Task goal: Set down the records exactly, and omit any image found in them.

*** Exercise inputs Section Begins ***

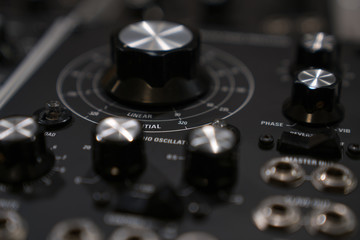 Fototapeta na wymiar modular synthesizer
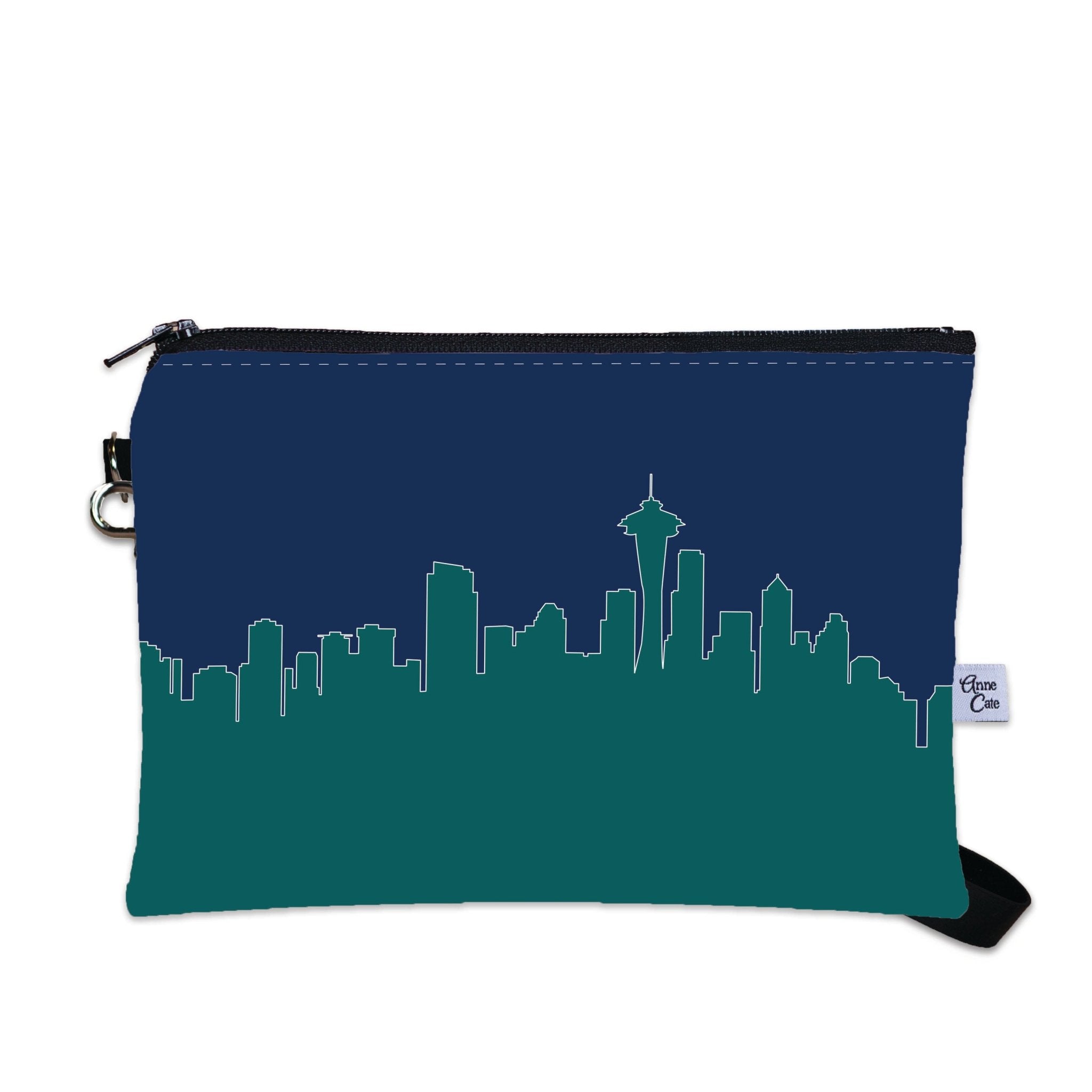 Seattle Mariners Baseball Ballpark Skyline Game Day Wristlet - Anne Cate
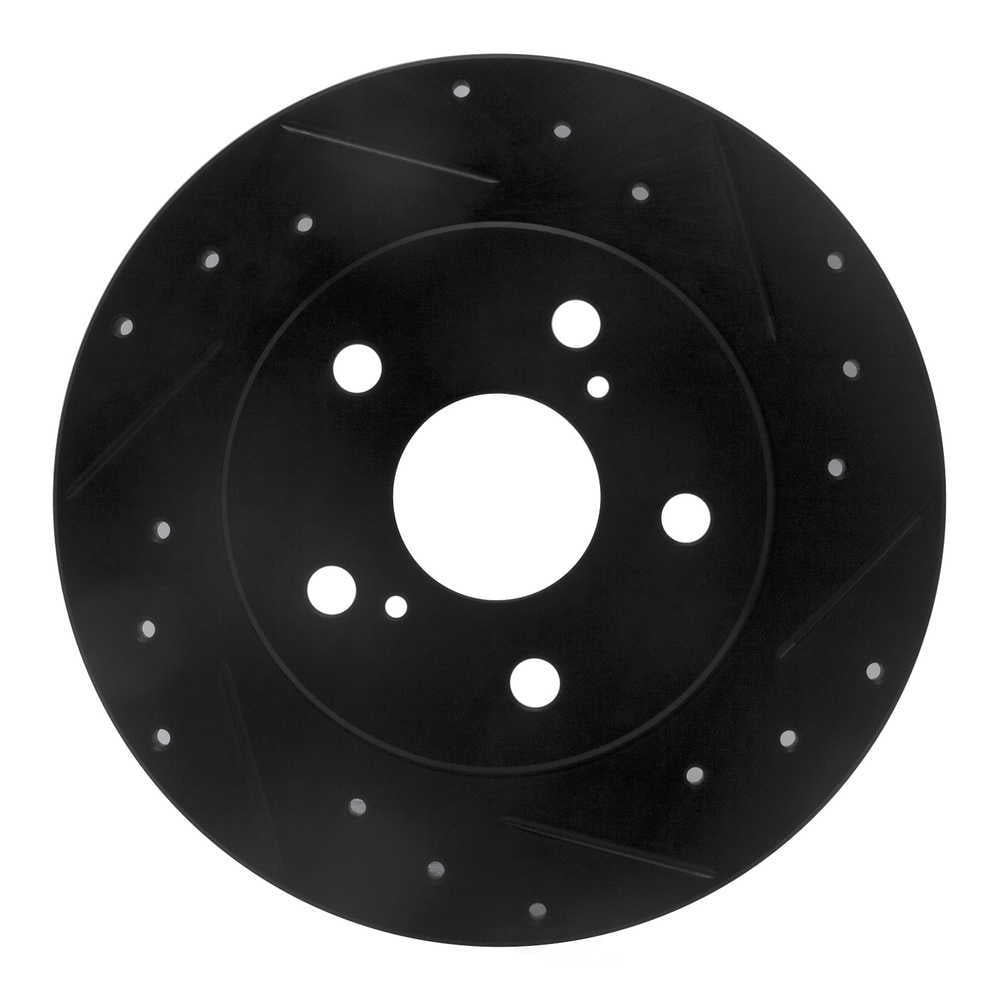 Dynamic Friction Company 633-76082R DFC Brake Rotor - Drilled And Slotted - Black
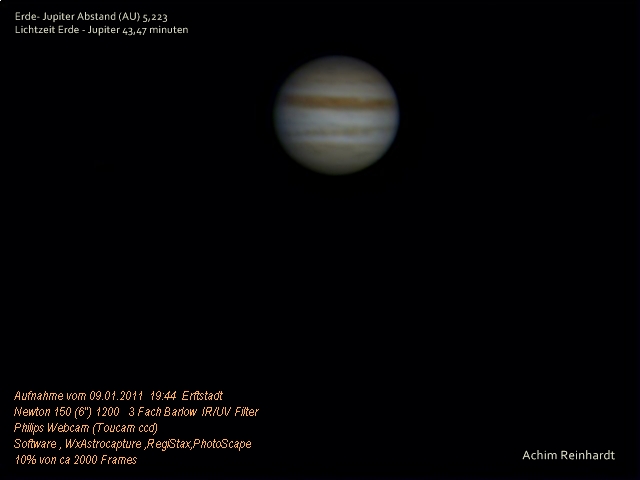 Jupiter am 09.01.2011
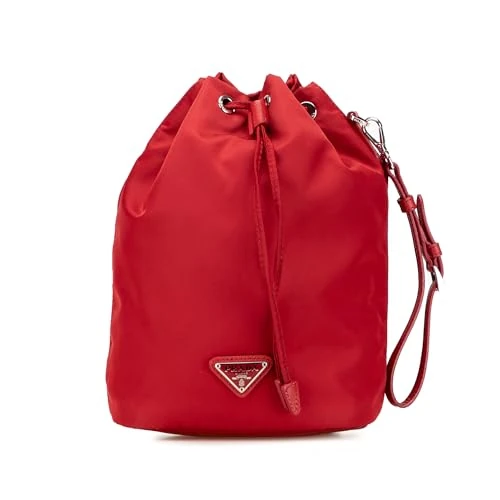 Prada Pre-Loved Tessuto Drawstring Pouch Bag Handbag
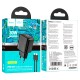 Мережевий зарядний пристрій HOCO CS22A Value single port charger Type-C cable 30W Black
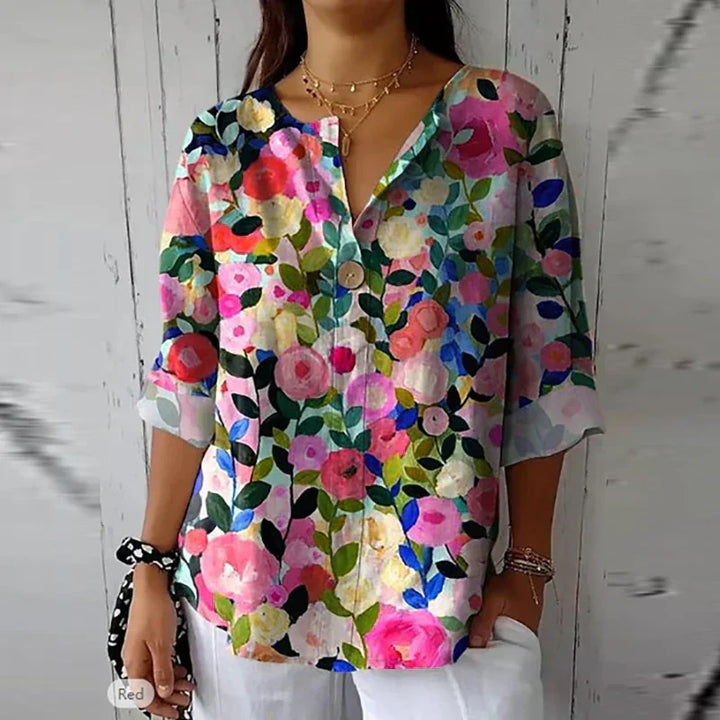 Harper | Floral Vintage Blouse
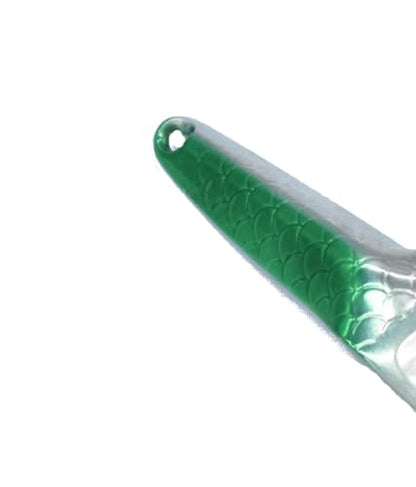 Al's Goldfish Lure Co. Lil' 49er Ice Jig - IFN50 Ice Fishing Jig with Treble Hook Off the Nose. Jigging Lure for Crappie, Perch, Panfish, Trout and Bass - 1/4 oz. 1-3/4" - color: Neon Green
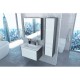 Комплект мебели белый глянец/антрацит 70 см Roca Ronda ZRU9302964 + 327471000 + ZRU9302969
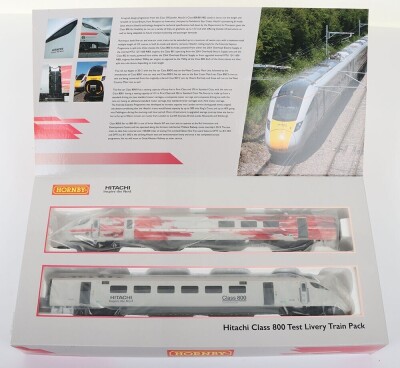 Hornby 00 gauge R3579 Hitachi Class 800 Test Livery train pack, - 2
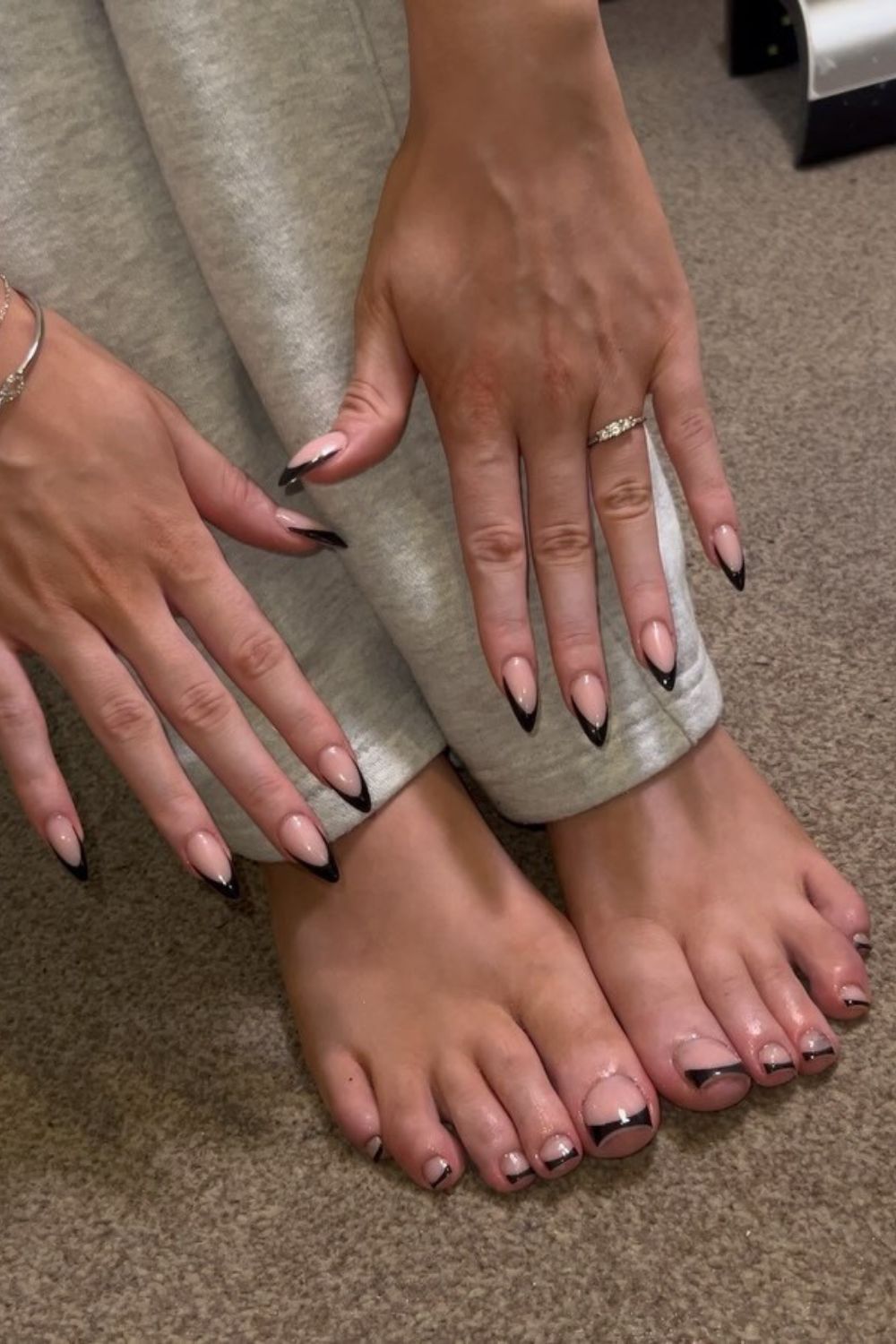 Black Tip Elegance
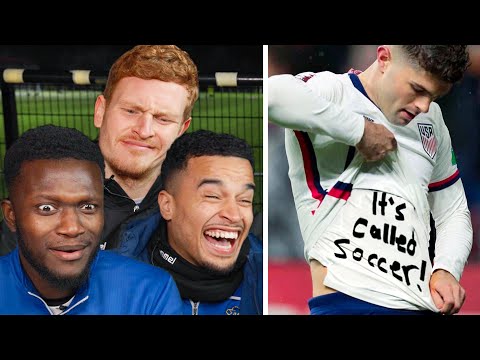 British footballers react to World Cup memes!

*** Exercise inputs Section Ends ***

Response to this task:
 Fototapeta na wymiar modular synthesizer
 Seattle Mariners Baseball Ballpark Skyline Game Day Wristlet - Anne Cate
 Dynamic Friction Company 633-76082R DFC Brake Rotor - Drilled And Slotted - Black
 Jupiter am 09.01.2011
 Prada Pre-Loved Tessuto Drawstring Pouch Bag Handbag
 Мережевий зарядний пристрій HOCO CS22A Value single port charger Type-C cable 30W Black
 Harper | Floral Vintage Blouse
 Al's Goldfish Lure Co. Lil' 49er Ice Jig - IFN50 Ice Fishing Jig with Treble Hook Off the Nose. Jigging Lure for Crappie, Perch, Panfish, Trout and Bass - 1/4 oz. 1-3/4" - color: Neon Green
 Комплект мебели белый глянец/антрацит 70 см Roca Ronda ZRU9302964 + 327471000 + ZRU9302969
 Hornby 00 gauge R3579 Hitachi Class 800 Test Livery train pack, - 2
 Black Tip Elegance
 British footballers react to World Cup memes!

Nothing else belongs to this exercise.